Edie’s life is turned even further on itself when she loses her job and consequently her apartment. In desperation she calls up Rebecca who invites her to move in, whilst Eric is away on business. Edie moves in to the guest bedroom, and despite the awkward (and honestly horrifying) scenario, she becomes taken with Akila, and even starts painting again (something she had stopped doing after her mother died). Edie is also dragged unwillingly into Rebecca’s strange life as a coroner who spends her days in the morgue and her nights attending rock concerts, and rebelling against her suburban existence.

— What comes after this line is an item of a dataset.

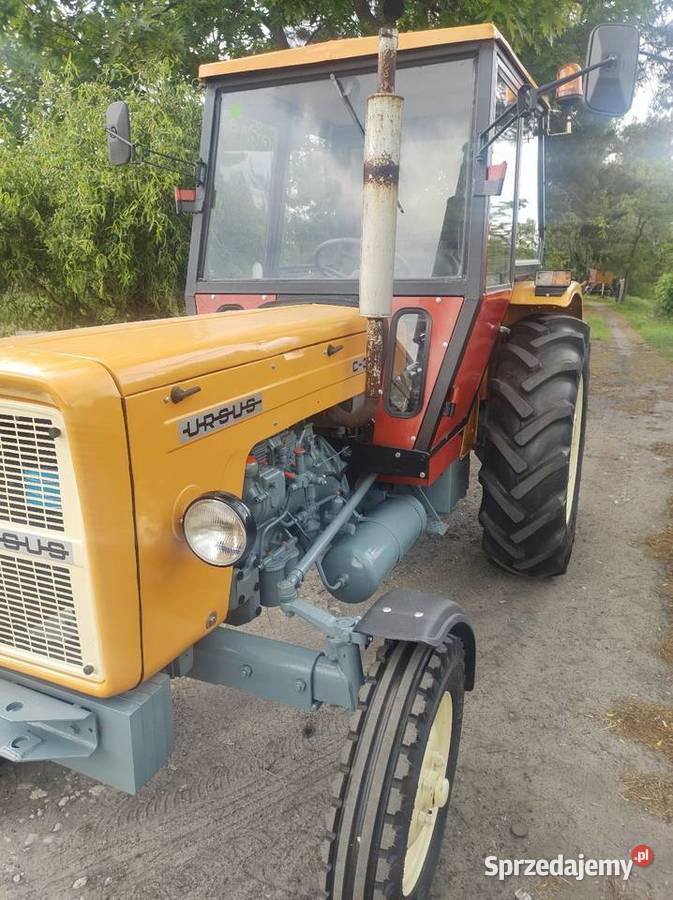 Ursus C360 produkcji 1980 kujawsko-pomorskie Nasiegniewo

Edie however willingly befriends Akila, shows her how to take care of her hair and discovers that Akila is just like any normal teenager – seriously into high fantasy and cos-play, and also incredibly lonely and eager for her new parents to finally notice her.
Leilani’s prose is witty and sharp. Through Edie’s observations the world is cut up into bit-size chunks of a generation that exists in the moment, and in her introduction into a family that is clearly suffering below their sterile surface. Edie’s presence in ‘that house’ is enough to make any sensible reader scream at the pages and plead for Edie to locate her senses, but much like any dedicated voyeur we remain close because we are invested in the inevitable crash.
This is not to say that the reader is deemed insensitive before the final pages, but it is certainly made easier to accept once you realize that none of these characters are particularly likeable. Rebecca borders on sociopathic, Akila is a typical moody teenager, Eric is a misogynistic oaf and Edie fails to acknowledge her role in any of the messes that have followed her all her life. However, this does not mean that the characters are not also products of white privilege, racism, sexism, and the age old problem of simply choosing to ‘look the other way’.
Whether you choose to like the characters or not, and whether you relate to a character or scenario (or not), Leilani’s brilliant writing style (not quite stream-of-consciousness) and brave plot are undeniably honest and raw and not easy to digest. Is Edie too honest? Does Edie use humor to mask the many, many, many issues that we as readers may never get the chance to unpack? Perhaps it is not a simple case of answering yes or no, but rather an acknowledgement that despite questioning the character’s motives and a general lack of morals across the board, Raven Leilani has written a brilliant book that deserves savoring and sipping and swirling around on the tongue like a wine tasting – except there is no wine, just delicious words.